We drew in to the deserted farm track at Inverroy, with the inky black sky above scattered with stars and a luminescent moon. After ten minutes of walking, we stowed our headtorches away, eyes adjusting to make use of the plentiful light cast by our celestial guide.
As we climbed beyond the wall of forestry, higher and higher up the track, the snow-flecked mountains came closer, their size accentuated by the silver glower of the moon. “I feel like I am in Afghanistan or something”, said Tom, an ex-paratrooper. I could see what he meant: there was a clarity in the air that one could imagine experiencing only at high-altitudes, with mountains ethereally outlined against a black sky.

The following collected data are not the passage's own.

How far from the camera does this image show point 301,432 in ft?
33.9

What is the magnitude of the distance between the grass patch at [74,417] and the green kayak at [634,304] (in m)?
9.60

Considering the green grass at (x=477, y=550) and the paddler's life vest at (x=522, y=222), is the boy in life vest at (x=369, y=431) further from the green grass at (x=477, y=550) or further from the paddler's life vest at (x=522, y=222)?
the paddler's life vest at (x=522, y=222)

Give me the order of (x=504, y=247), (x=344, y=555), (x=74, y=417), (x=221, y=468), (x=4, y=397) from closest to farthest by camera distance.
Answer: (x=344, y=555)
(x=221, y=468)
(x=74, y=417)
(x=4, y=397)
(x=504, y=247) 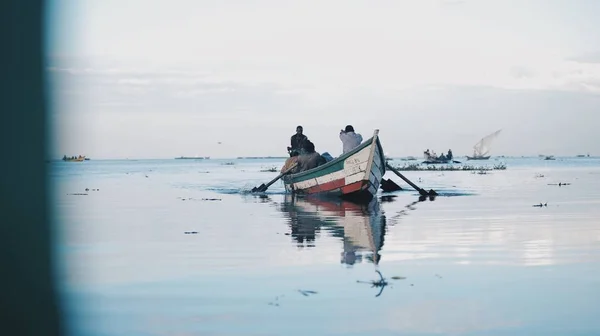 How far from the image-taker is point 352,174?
2372 cm

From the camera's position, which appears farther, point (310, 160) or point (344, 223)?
point (310, 160)

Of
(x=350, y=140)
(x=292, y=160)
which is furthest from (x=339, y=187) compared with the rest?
(x=292, y=160)

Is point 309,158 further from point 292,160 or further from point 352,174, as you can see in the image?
point 352,174

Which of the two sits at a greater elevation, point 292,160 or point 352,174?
point 292,160

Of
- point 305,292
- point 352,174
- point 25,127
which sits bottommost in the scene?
point 305,292

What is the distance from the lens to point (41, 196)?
9695mm

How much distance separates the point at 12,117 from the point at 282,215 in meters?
10.4

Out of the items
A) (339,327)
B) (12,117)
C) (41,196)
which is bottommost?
(339,327)

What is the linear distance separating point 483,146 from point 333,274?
338 ft

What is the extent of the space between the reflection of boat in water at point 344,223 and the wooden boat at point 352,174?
0.43 m

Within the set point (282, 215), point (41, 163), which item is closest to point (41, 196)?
point (41, 163)

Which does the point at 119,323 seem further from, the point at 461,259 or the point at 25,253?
the point at 461,259

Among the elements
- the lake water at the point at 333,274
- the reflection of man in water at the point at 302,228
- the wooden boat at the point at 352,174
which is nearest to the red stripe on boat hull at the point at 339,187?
the wooden boat at the point at 352,174

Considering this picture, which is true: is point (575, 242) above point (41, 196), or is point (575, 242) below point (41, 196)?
below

Lairig Leacach is a small bothy, and I admit to having trepidation in choosing this as our base for the weekend. I am very susceptible to two things: Cold and hunger, and usually they come together. I have not yet managed to shake the mild anxiety I get when walking to a bothy and finding it to be full and either having to walk on or camp outside. Given the temperature was below zero that night, I was crossing my fingers for a quiet bothy.
Rationally, I know that early March is hardly ‘peak bothy season’, and usually you can squeeze a roll mat in, but a cold sleep is something I dread after a few instances.

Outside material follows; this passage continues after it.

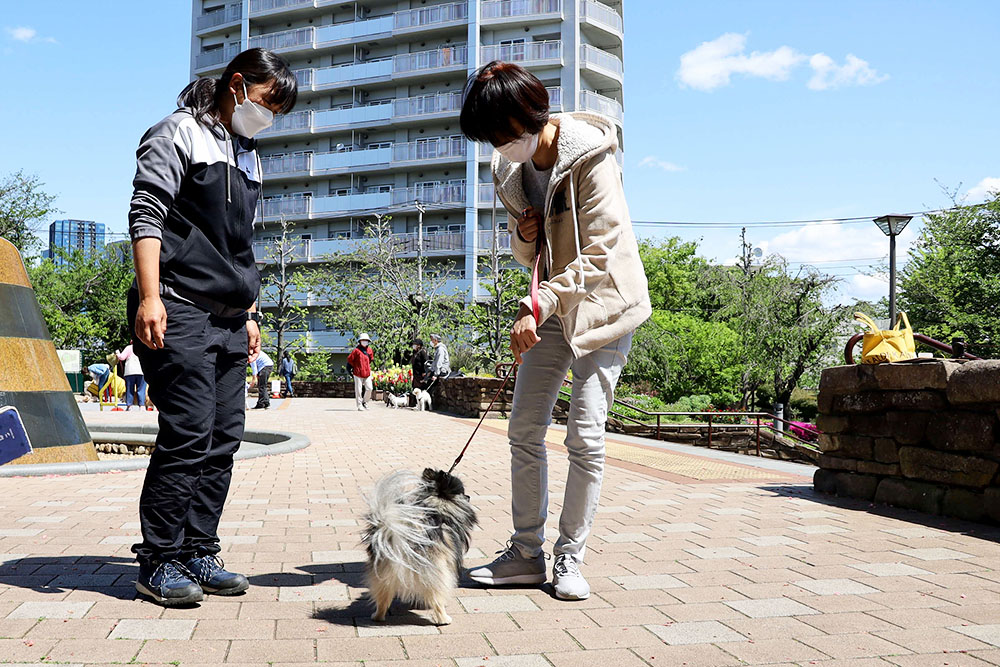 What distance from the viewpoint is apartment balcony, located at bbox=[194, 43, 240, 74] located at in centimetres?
5106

As we rounded a corner, a sloping roof came into sight. Knocking on the door, we entered and found an empty bothy – home for the weekend. Small and simple, with an open fire and a fairly sizeable bunk bed, it was the perfect spot for our weekend of adventures.
With beds ‘reserved’, we set about making dinner, watching as a pair of headtorches approached on the path. The pair – one from Fort William the other from Ullapool and both in their early twenties – were soon joined by one more. His name was also Tom, and boy could he talk the ears off a brass monkey! Regardless, all three were superb company on a cold night.
Snow swirled around the bothy, the grey clouds hanging heavy over the hills. Where was the blue sky that had been forecasted? We retreated back into our stone-walled sanctuary, in no rush to get out the door too early.
Tom and I ate breakfast as our companions dozed in their bunks, watching the flurries fly by the window. Suddenly, a ray of golden light struck the blurry glass. With coffee in hand, we went outside; the snow had abruptly ceased and a band of light was streaming into the valley.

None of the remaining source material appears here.